My Coding Goals This Week

  1. Work through Week 2’s Data Visualisation playlist including taking notes and completing her exercises and examples as I follow along
  2. Test out what I have learnt this week by producing a plot using everything we learnt in the video tutorials

How I Made Progress Towards My Goals

After completing Danielle’s tutorial videos, I attempted to implement everything I learnt with the ChickWeight data on R. The steps and codes I have used are as below:

Loading Packages

library(tidyverse)
── Attaching packages ──────────────────────────────────────────── tidyverse 1.3.1 ──
✓ ggplot2 3.3.3     ✓ purrr   0.3.4
✓ tibble  3.1.2     ✓ dplyr   1.0.6
✓ tidyr   1.1.3     ✓ stringr 1.4.0
✓ readr   1.4.0     ✓ forcats 0.5.1
── Conflicts ─────────────────────────────────────────────── tidyverse_conflicts() ──
x dplyr::filter() masks stats::filter()
x dplyr::lag()    masks stats::lag()

Plotting the data set

picture <- ggplot(
  data = ChickWeight
) +
  geom_point(
    mapping = aes(
      x = Time ,
      y = weight,
    )
  )

plot(picture)

This tells us that over time, chicks’ weights are increasing - but not that informative… So let’s try to add the diet variable to find out which diet is most effective.

picture <- ggplot(
  data = ChickWeight
) +
  geom_point(
    mapping = aes(
      x = Time,
      y = weight,
      colour = Diet
    )
  ) +
  theme_minimal (
  ) +
  scale_x_discrete (
    name = "Time",
    ) +
  scale_y_continuous(
    name = "Chick Weight"
  ) +
  ggtitle(
    label = "Effect of Type of Diet on Chick Weight"
  ) 

plot(picture)

Still a little confusing, so I am going to attempt to do this with a boxplot!

picture <- ggplot(
  data = ChickWeight
) +
  geom_boxplot(
    mapping = aes(
      x = Diet,
      y = weight,
      fill = Diet
    )
  ) +
  theme_minimal (
  ) +
  scale_x_discrete (
    labels = NULL,
    name = NULL
    ) +
  scale_y_continuous(
    name = "Chick Weight"
  ) +
  ggtitle(
    label = "Effect of Type of Diet on Chick Weight"
  ) +
  scale_fill_viridis_d(
    alpha = 0.5,
  ) +
  facet_wrap(vars(Time))

plot(picture)

This seems more interpretable!

On first glance: Diet has a more observable effect on chicks’ weights at later days. It looks like diets 3 and 4 produce heavier chicks than 1 and 2.

Challenges

I had to Google a lot today, and had a lot of errors come up that I had to fix! But - I was also pleasantly surprised with the final outcome and how interpretable it was (positive reinforcement)!

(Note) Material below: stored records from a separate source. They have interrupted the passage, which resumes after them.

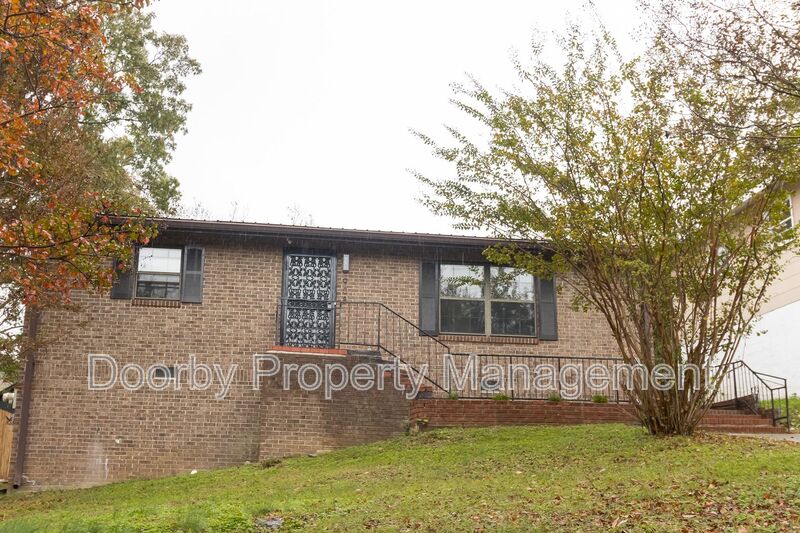 Chattanooga House: 908 Wheeler Ave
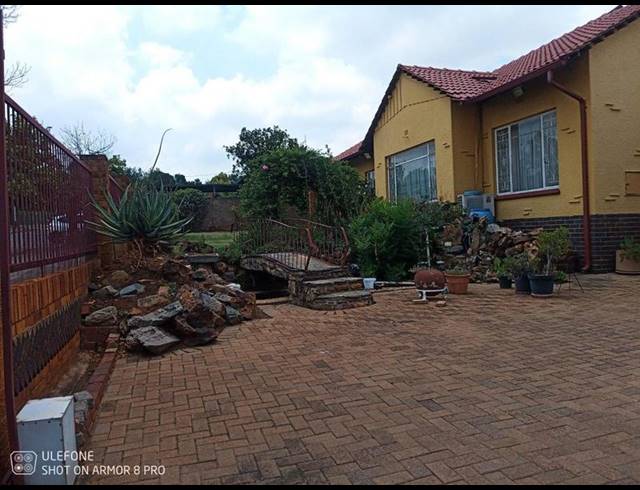 3 BEDROOM HOUSE FOR SALE IN PRIMROSE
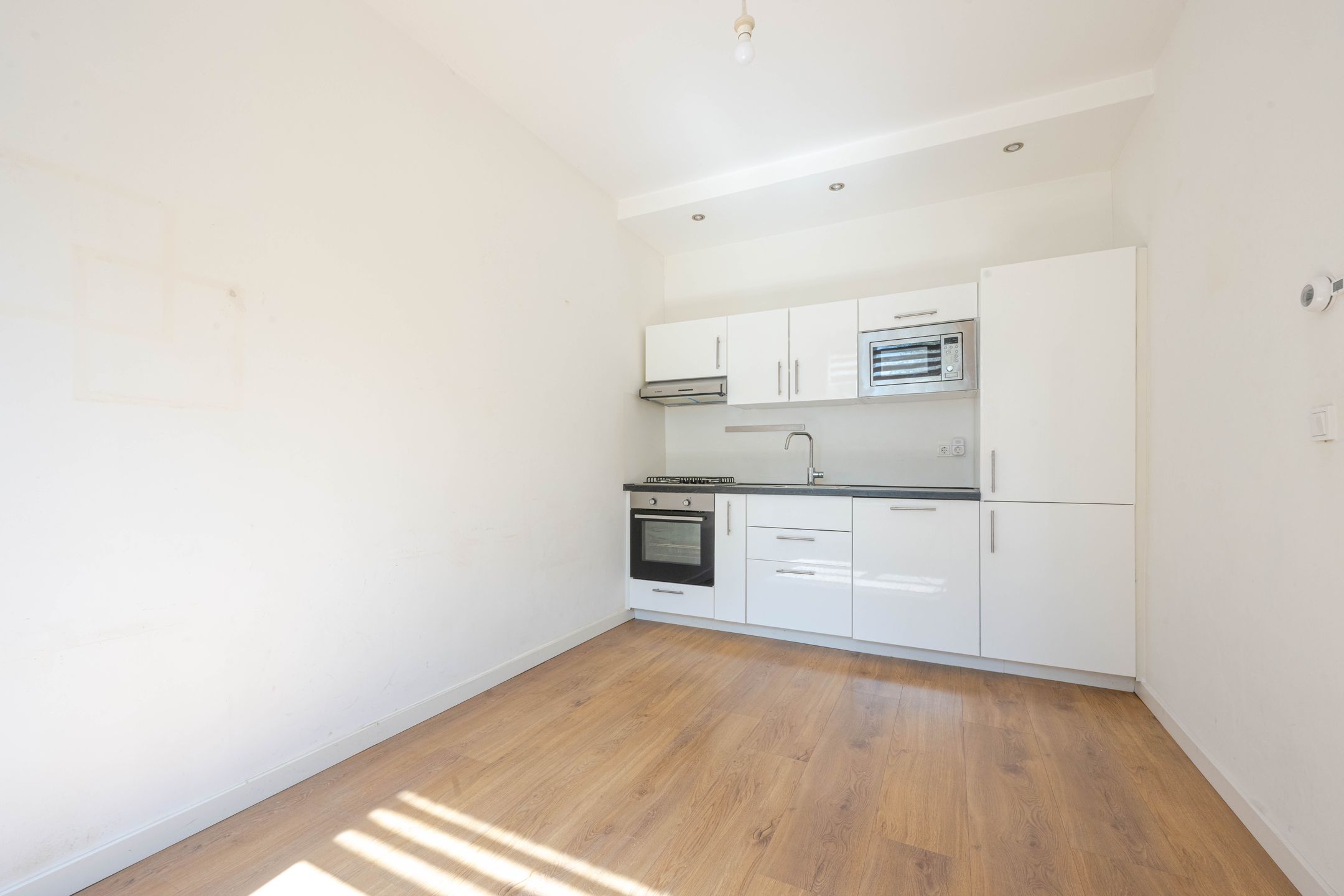 Foto 9 van Oostvoornsestraat 15-B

Next Steps in My Coding Journey

This is actually quite fun! While it took me a long time to get my head around all the different things (and is still very much a work in progress), I look forward to practicing more of this and getting better at it.

Next up, I’m planning to watch the next playlist for Week 3 and get started on it this long weekend!